Die 18-jährige Dora ist ein lebensfrohes, aufgewecktes und geistig behindertes Mädchen. Darum nimmt sie auch ihr ganzes Leben lang Medikamente, die sie ruhigstellen sollen. Pünktlich zu ihrem Geburtstag beschließt Doras Mutter jedoch die Medikamente abzusetzen, wodurch der Teenager wie aus einer Trance erwacht und anfängt das Leben neu zu entdecken. Und wie jede 18-jährige beginnt auch sie sich für ihren Körper und ihre Sexualität zu interessieren. Dies stellt die Familie zunächst vor einige Fragen – vor allem als sie dann tatsächlich ein Verhältnis mit dem zwielichtigen Peter beginnt, durch den sie sogar schwanger wird.

Wer spielt mit?

Besonders herausstechend sind die beiden Hauptdarsteller von Dora und Peter, die von Victoria Schulz und Lars Eidinger gespielt werden. Lars Eidinger ist ein bekanntes Gesicht aus verschiedenen deutschen Produktionen, wohingegen Victoria Schulz eine Newcomerin ist.

Beide spielen ihre sehr starken Rollen jedoch sehr überzeugend. Lars Eidinger verströmt den gesamten Film über eine eher unheimliche Stimmung und wirkt sehr kalt und abgewrackt. Dabei gibt es allerdings auch immer wieder Situationen, in denen man dazu neigt, ein Urteil über ihn nochmal zu überdenken. Das bemerkenswerte an Victoria Schulz ist, dass man sich den ganzen Film über gefragt hat, ob sie nun im echten Leben auch behindert ist oder nicht. Sie spielt die Rolle sehr glaubwürdig und mitreißend ohne zu übertreiben.

Filmischer Augenschmaus?

Der Film beinhaltet eine tolle Kameraführung, die einen selbst krass in die dargestellten Situationen hereinversetzt, da sie schonungslos ehrlich ist und nicht wegguckt, wo andere schon lange einen Cut gemacht hätten. Dazu gehören die zarten Kamerablicke, die Doras naive Sicht auf sich und ihre Umwelt einfangen, ebenso wie die filmische Darstellung der inneren Konflikte der Mutter, die nach und nach an der Situation verzweifelt.

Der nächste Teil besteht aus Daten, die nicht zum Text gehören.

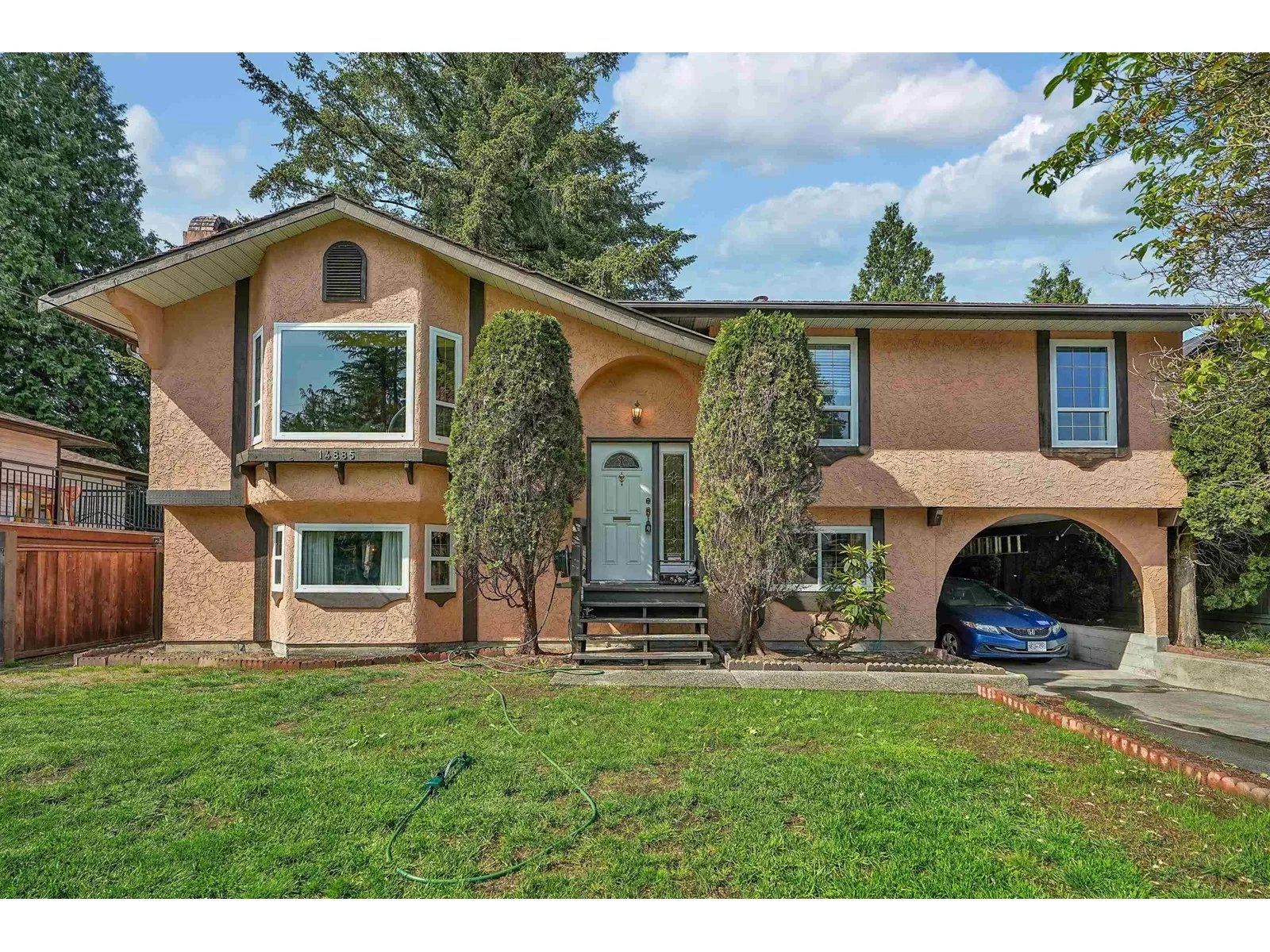 House for rent: 14885 92 Avenue, Surrey, British Columbia V3R 1B9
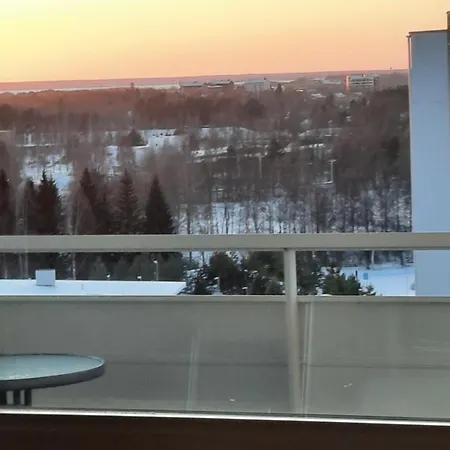 Topi Top-floor Apartment, Balcony, Parking *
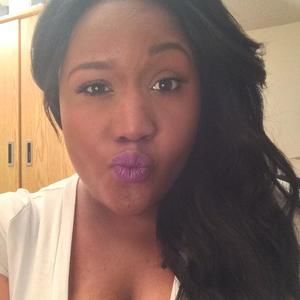 Meet your Posher, Crystal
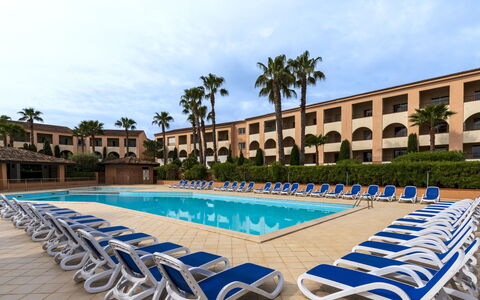 Bravone 610: Recurso, Piscina, Mueble Para Exteriores, Hacienda, Hotel, Sombra, Eco Hotel, Inmuebles, Villa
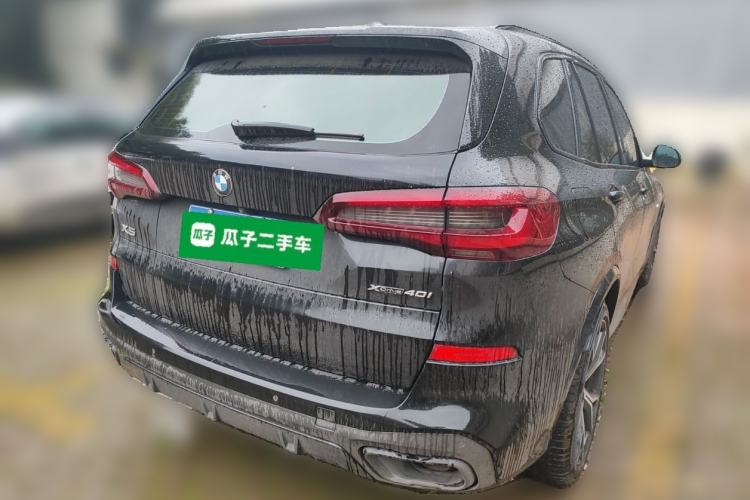 Used BMW X5 2021 xDrive40i Luxury Model with M Sport Package Rear Right 45 Deg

Genauso werden einem aber auch den ganzen Film über explizite Nahaufnahmen von Geschlechtsteilen, einzeln wie auch in Aktion, präsentiert, was durchaus nichts für schwache Nerven sein könnte.

Braucht man Taschentücher?

Die Entwicklung der Beziehungen und Figuren im Film ist so überraschend und eindrucksvoll, dass die eigenen Moralvorstellungen und Definitionen von Normalität etwa im Minutentakt über den Haufen geworfen werden.

Der Film hat auf jeden Fall Momente, in denen einem die Tränen in die Augen schießen können, viel öfter hatte ich aber eher den Moment der Sprachlosigkeit, sodass man gar nicht mehr zum Heulen kommt.

Mit wem angucken?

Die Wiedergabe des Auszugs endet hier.